焦ることはないのだからまずは様子見から、と心の内で考えたアイラとテッカンだが、開始の合図とともに前進したのは宗絃が先だった。
眼前に構えられたバックラーを蹴り飛ばし、反撃のために振りかぶられた腕を取って背負い投げ。
「またそれかよ!」
二ヶ月前と同じ技だが、叫んだテッカンは寧ろその技に入るためのバリエーションに驚嘆していた。
ウィルと同じく、なす術なく地面に叩きつけられて動けないその首に短剣が当てられ、試合の決着が宣言された。
見たことのない、一瞬で決められた技で会場が静まり返った僅かな間にカミラが、
「ソウシ!」
と声を上げた。
立ち上がって一礼を終えた宗絃が呼びかけに反応して視線を向けた時、アイラ達三人は日除けの布を外して手を振った。
宗絃は少し驚いた顔の後に以前と変わらない笑顔を浮かべて手を振った。
アイラ達のところへ来ようとしたのだが、審判に何かを言われたらしく足を止めると、もう一度手を振って控え室に帰っていった。
退場していく二人に向かって拍手が送られる。
「ちゃんと反応したのは、まぁ許しましょう。」
「カミラさんはさっきから何の採点をひてるんですか?」
「決まってるでしょ。アイラを任せられるかどうかの査定よ。」
「任せるって何ですか……。」
「あの『鉄壁のアイラ』に春を呼んだのはいいけど、任せられるかは別だからね。
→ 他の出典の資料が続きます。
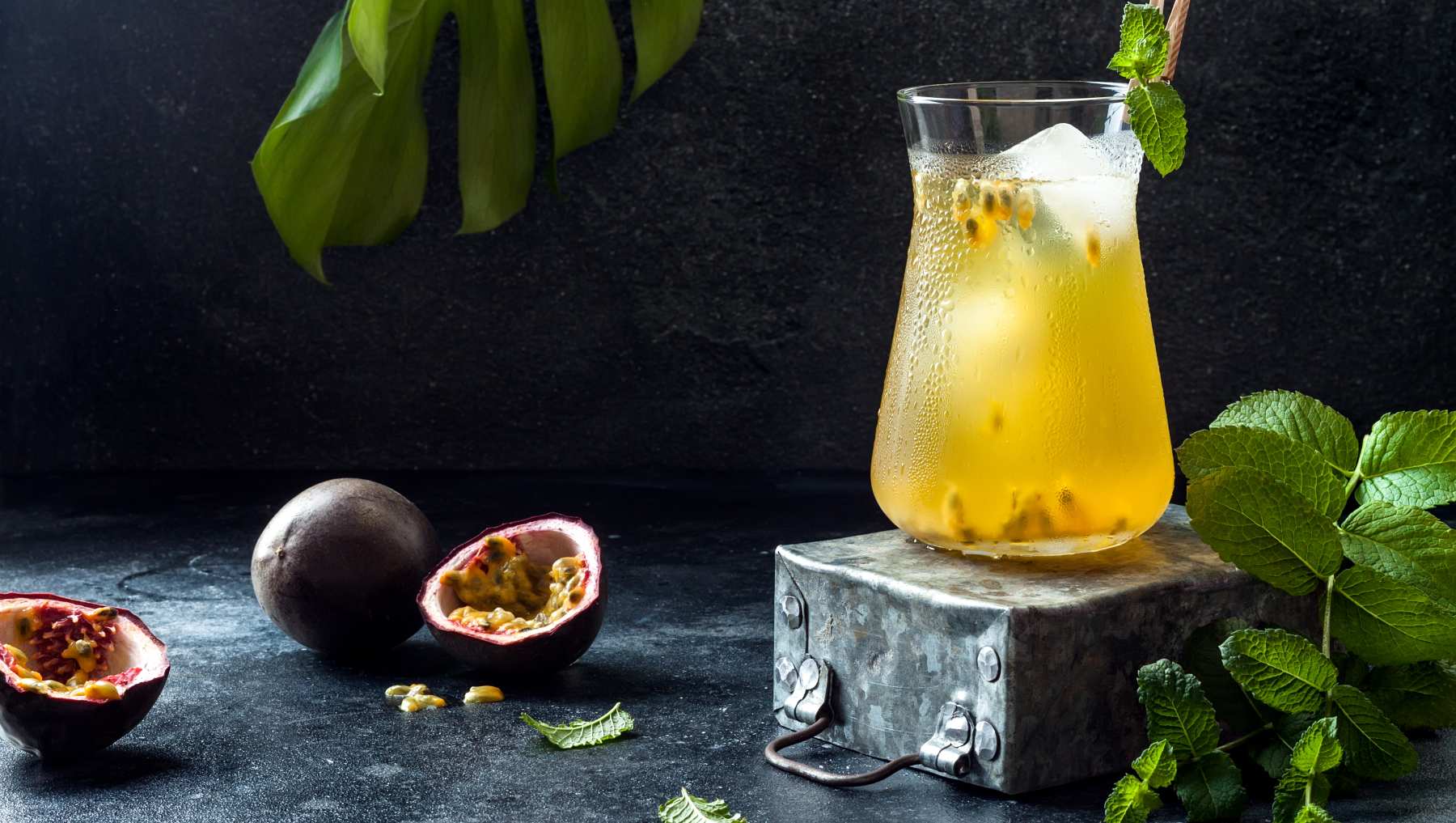 Cóctel de maracuyá con pimienta rosa y gin 4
」
「ちょっ、ぼ、冒険者と職員ですし、年下ですよ⁉︎」
「両方どうでもいいことでしょ!二ヶ月も前に会った新人冒険者を気にして武闘大会まで観に来といて何言ってんの?」
顔を赤くするアイラと真剣なカミラの会話に入れず、いたたまれなくなって視線をあさっての方向に向けたテッカンに声がかけられた。
「ソウシと知り合いなのかの?」
先程商人から大量に酒とつまみを買い込んでいた隣の観客だ。
話しかけられた声にアイラ達も自分達の他に宗絃を知っていた者がいる驚きから会話を止めて視線を向けるが、既に日除けの布をかぶっているため顔は分からない。
「ええ、冒険者関係で少しね。」
テッカンは若そうな声と、独特な口調に少し混乱しながら答えた。
隣にいたが注視はしていなかったため覚えてもいないが「ソウシと知り合いの可能性がある女」と言うだけで特にカミラの興味を強く引いた。
「お嬢さん?もですか?」
「あぁ、顔も見せぬままですまぬ。」
布をとったその顔は間違いなく美人だった。年齢的には暁光の導きの面々よりも少し上だろうか。
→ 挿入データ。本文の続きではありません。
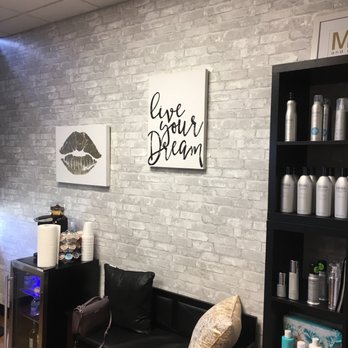 Salon Mood - Waiting area space - Hair Salons Near Me - Pearland, Texas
「二ヶ月ほど前に知りあっての。まさかこんなところで見るとはのう。」
嬉しそうに笑いながら酒を口に運ぶ姿にもどこか色っぽさがある。
「二ヶ月ですか……。」
「ちょっとアイラ。何残念そうな顔してるの?」
カミラが言いたかったのは弱気になるなと言うことだが、アイラは別のことを考えていた。
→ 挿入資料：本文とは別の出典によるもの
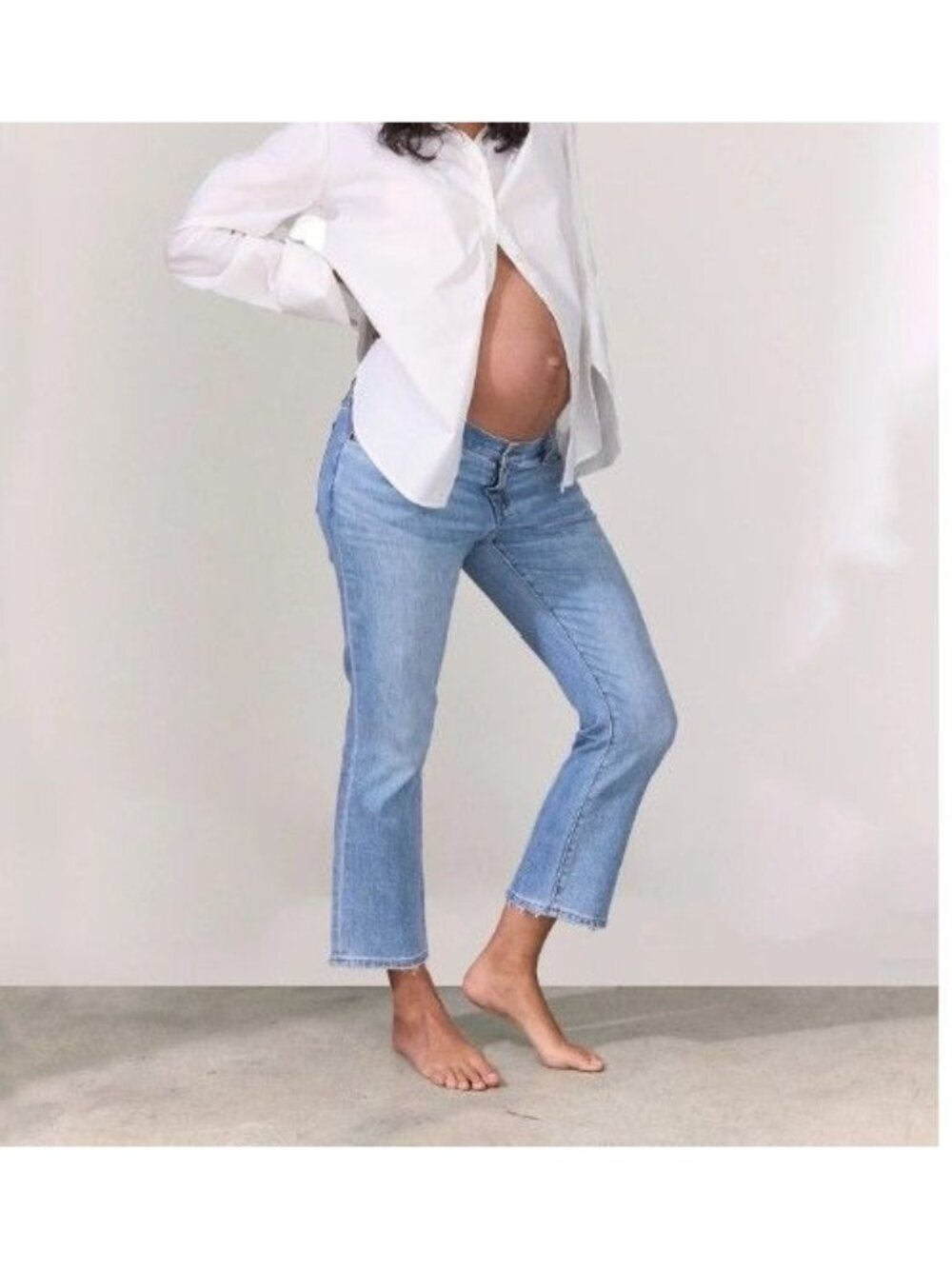 HATCH The Crop Maternity Jean in Light Wash Size 31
「もっと前ならソウシの手がかりになったかと思いまして。」
アイラが気にしていたのは過去の記憶が曖昧だという宗絃の事だったらしい。
「どんだけアイツのことばっかりなの?おアツイわね。」
「なんじゃ、熱いのか?そう言われれば確かに気温も上がって来たのう。」
そういう意味ではなかったが、カミラも初対面でツッコミを入れられる程ではなく、どう伝えるべきか迷っていると、
「ホレ、これでどうじゃ?」
と布を被り直した女性が言った。
その途端、周囲の温度が快適な温度まで下がった。
「これは、風の魔法?」
カミラが問うと、
「そうじゃ。便利であろう?」
と褒められて満足そうな答えが返ってきた。
その恩恵を受けた三人が彼女に礼を言ったのと、次の試合を行う出場者が現れたのは同時だった。